With three of them having failed their A-levels, their lives move in a predictable groove from fights to flash cars to fit women, until they get pulled into a complicated scam involving mobile phones that takes the rudeboys to a higher level of gangsterhood than they’re really capable of handling.
I’m not going to give away the rest of the plot, except to say that there’s a twist in the tail, delivered right at the end that’s supposed to land as hard as one of Hardjit’s punches. It works, forcing you to go back to the novel and read it again—which might have been Malkani’s biggest mistake.
Londonstani comes apart on second reading like a cheap clockwork toy, revealing that its closest literary cousins are more Tanuja Desai Hidier and Nick Hornby than Irvine Welsh and company. Two key plot points involve an Indian family imploding around a marriage where the groom’s mother feels “disrespected” by the lack of brownnosing by the bride’s family and the perils of a relationship with a Muslim girl whose three brothers would carry out the Hounslow equivalent of an honour killing if she went out with someone from another religion.
There are pages and pages of (very useful) shopping advice for men: this covers clothes, bling, mobile phones and cars (from the ones that resemble piranha fish to the ones that resemble Beyonce and Snoop Dogg).
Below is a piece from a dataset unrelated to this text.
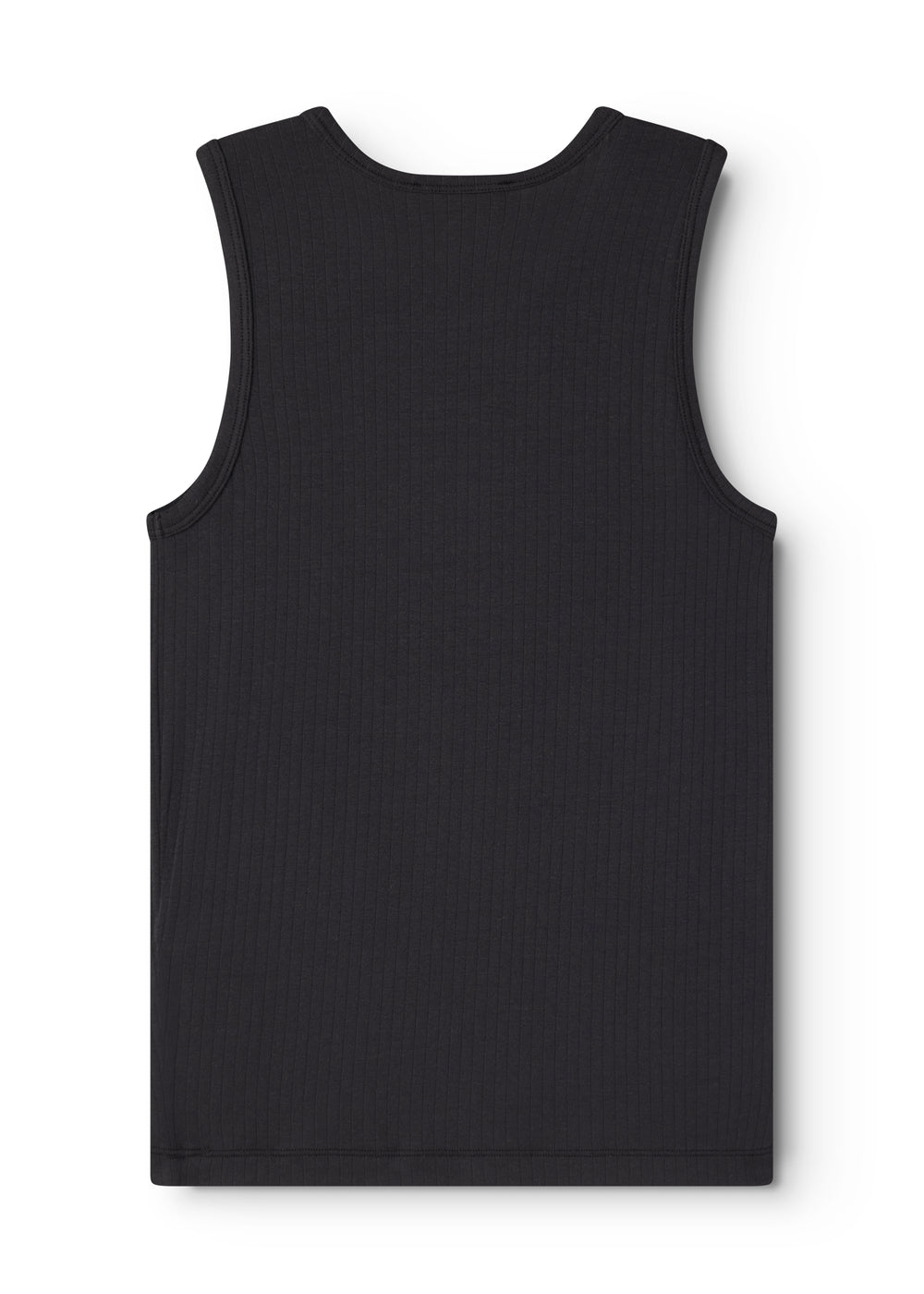 Seamless tank top with round neck, smooth back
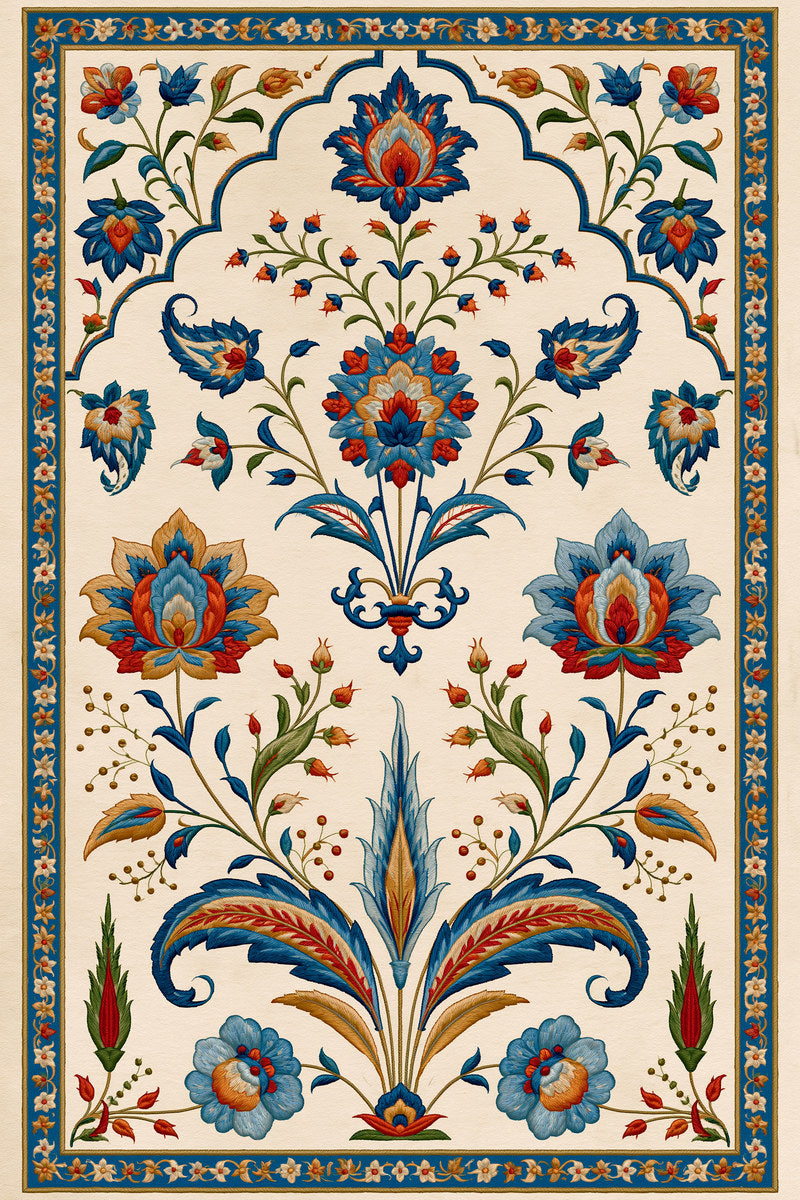 Luxury Borders Cartouches And Arched from Mughal & Persian Garden Embroidery Book 3, a digital embroidery design reference for machine embroidery designs, embroidery patterns and border and edge embroidery.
There’s a nicely done primer on how to get into
London’s hippest clubs and restaurants and what to do once you’re there. And behind all the gandah lines and the overuse of fuck as a punctuation mark until it makes you want to oolti, I was delighted to discover that this was, at heart, a story with several morals. If you want the Porsche and the posh flat with the latest Bang & Olufsen system, plus the company of soni kudhis, do your A levels, apply to
Cambridge, get an MBA. And if at the end of this you’ve turned into a corporate gangster in an Armani suit whose most terrifying weapon of choice is his ability to deliver long and tedious lectures on the complex workings of the black market and VAT rebates, get back to the basics: love your mom and dad, don’t disrespect your family.
Forget the stuff about Londonstani being a brilliantly subversive work and showcasing an “authentic”, raw, original voice; don’t even get into the debate over whether it’s the politics of race or gender that lie at the heart of this book. Gautam Malkani’s real achievement is that this cheerfully mongrel novel is the product of a successful mating between the contemporary clean-cut Bollywood family film and Hornby-style Lad Lit, with an Asian Dub track playing somewhere in the background. That’s what happens when you go chasing after the Great White Whales of literature; you find Moby Dick Lit instead.